ECLI:NL:HR:2005:AU6908
Hoge Raad
- Cassatie
- A.E.M. van der Putt-Lauwers
- F.W.G.M. van Brunschot
- C.B. Bavinck
- Rechtspraak.nl
Fraus legis en verplaatsing van de werkelijke leiding naar de Nederlandse Antillen in vennootschapsbelastingzaken
In deze zaak gaat het om een beroep in cassatie van X N.V. tegen de uitspraak van het Gerechtshof te 's-Gravenhage van 14 december 2004, betreffende een aanslag in de vennootschapsbelasting voor het jaar 1992. De belanghebbende, X N.V., kreeg een aanslag opgelegd van ƒ 10.829.325, welke aanslag na bezwaar door de Inspecteur werd gehandhaafd. X N.V. ging in beroep bij het Hof, dat het beroep ongegrond verklaarde. Tegen deze uitspraak heeft X N.V. cassatie ingesteld bij de Hoge Raad. De Staatssecretaris van Financiën diende een verweerschrift in, terwijl X N.V. een conclusie van repliek indiende, die echter te laat werd ingediend en daarom door de Hoge Raad niet in behandeling werd genomen.
De Hoge Raad beoordeelt de middelen die door X N.V. zijn ingediend. Het eerste middel kan niet tot cassatie leiden, omdat het geen rechtsvragen oproept die van belang zijn voor de rechtseenheid of rechtsontwikkeling. Het tweede middel, dat zich richt tegen een overweging ten overvloede van het Hof, kan om die reden ook niet tot cassatie leiden, maar is gegrond.
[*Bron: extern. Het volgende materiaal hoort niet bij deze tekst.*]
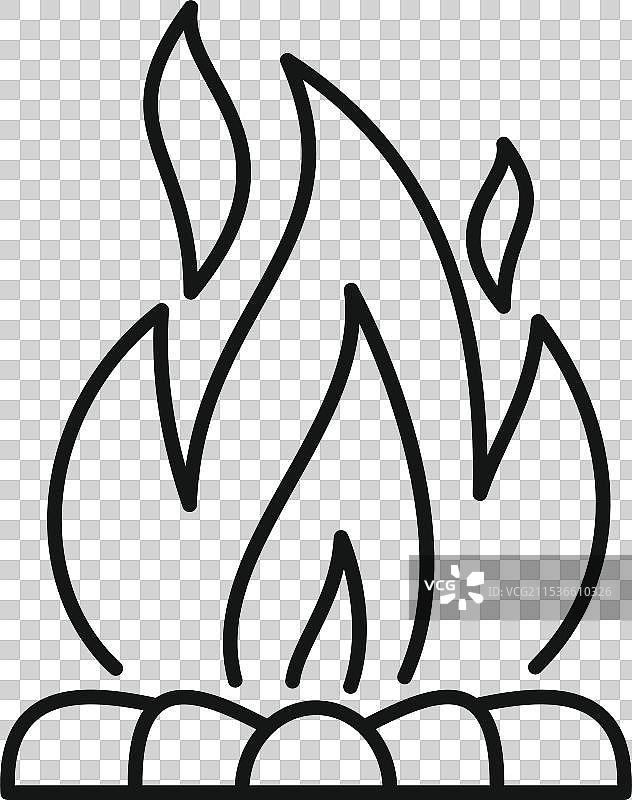 高火焰熊熊燃烧的篝火线条画图片素材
De Hoge Raad oordeelt dat, anders dan het Hof heeft gesteld, de enkele verplaatsing van de leiding van B B.V. naar de Nederlandse Antillen niet automatisch leidt tot de toepassing van het leerstuk van fraus legis, mits er ten tijde van de overdracht geen voornemen bestond om deze verplaatsing te effectueren.
De Hoge Raad concludeert dat er geen termen aanwezig zijn voor een veroordeling in de proceskosten en verklaart het beroep ongegrond. Dit arrest is gewezen door de vice-president A.E.M. van der Putt-Lauwers als voorzitter, en de raadsheren F.W.G.M. van Brunschot en C.B. Bavinck, in tegenwoordigheid van de waarnemend griffier E. Cichowski, en is openbaar uitgesproken op 25 november 2005.